While much research is focused on specific components of a ship such as main engine, boilers, propeller and so on, Fabian Tillig, PhD student at Chalmers, takes a holistic and generic approach in his research on energy efficient shipping and operation.
Fabian Tillig, PhD students at Chalmers, department of Shipping and Marine Technology, was one of several interesting speakers at the Lighthouse seminar about energy efficient shipping. This is the first of a number of short summaries of the seminar.
A generic energy systems model for energy efficient ship design and operation
Fabian Tillig, PhD student, Chalmers University of Technology
- For a model to be generic we have to look at, where is the energy actually going? When we look at propulsion, the actual task of transporting cargo from point A to B, we see that energy losses occur inside and outside of the ship, Fabian Tillig says.
Tillig points out that:
• Components of the ship as an energy system are coupled and they interact with each other.
• The efficiency of most components depends on the state of operation the ship is in
• The performance of the whole system depends on the performance of each component and its interactions
• A holistic view on the system can avoid sub-optimisation
- We are trying to look at the whole ship. We have an outside, we have resistance, we have propeller, we have a lot inside, and everything depends on the outside as well. And even more, everything is coupled. Somehow we have to find a way to mathematical or empirical model these parts, in a generic way, Fabian Tillig says.
In the research a generic Aframax tanker was created and the main engine, propulsion and resistance were modelled and tested during simulations of a 3000 mile route.

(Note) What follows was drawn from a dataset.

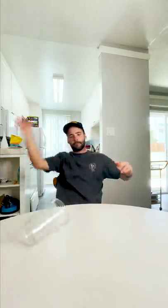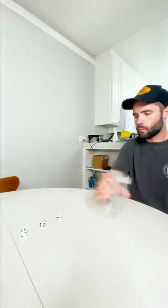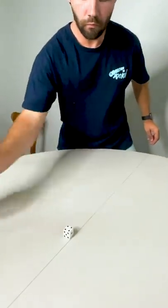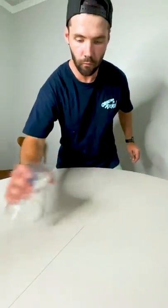At first, I really sucked and had a hard time getting the motion down, which resulted in me spending a lot of time searching for the dice on my floor. But after a bit of practice, I really started to pick up the motion. After successfully getting all the dice into my cup, the final step is placing them on the table, which is actually much more difficult than I thought.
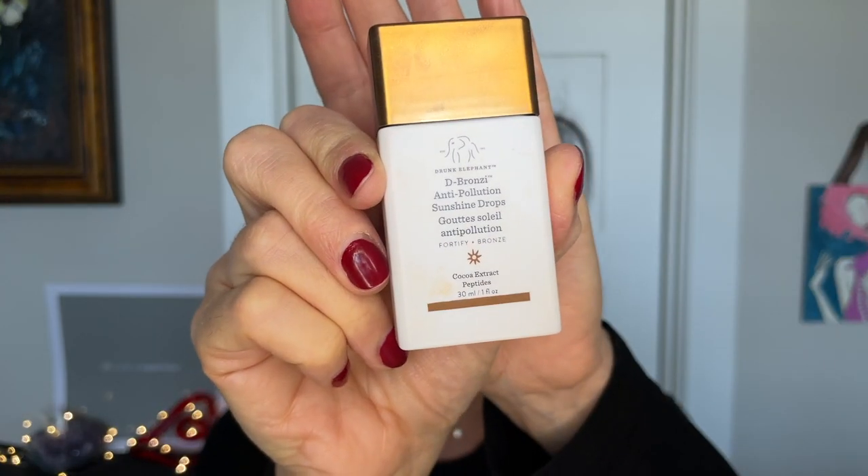I have the Drunk Elephant D-Bronzi Anti-Pollution Sunshine Drops. I did not just purchase these, but I do purchase my Drunk Elephant products during a sale and this is one I love. I add it to foundations that are a little too pale, and I use it as a bronzer. You need just a small amount. Even though I didn't buy it just now, I would have bought it - that was my point.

And as an example, by adjusting speed and power settings the model show that you should avoid high speed regions in order to keep energy consumption down.
The research will continue with validation of the model and also further examine different resistance models. And Fabian Tilligs generic model has already drawn attention from the industry.
Carnival Corporation operates more than a hundred cruise ships and is collecting data from their ships in order to build a new simulator based on the royal regal class ship. Data that researchers as Fabian Tillig can benefit from.
- We are getting data from all of our ships. Waste heat recovery, exhaust system, fuel consumptions, trim and so on. So there´s a potential for a lot of data, if you are looking for that. I’m sure we can do something, Brendan O’Keeffe, principal engineer at Carnival said during the seminar.
Fabian Tillig concluded his presentation by pointing out that at holistic or actually generic energy system model can provide feasible design targets. Which is shown by the fuel consumption simulations.
- It is not about making just the main engine more efficient or the hull or the propeller more efficient. It is important to say, we make the whole thing more efficient, Fabian Tillig says.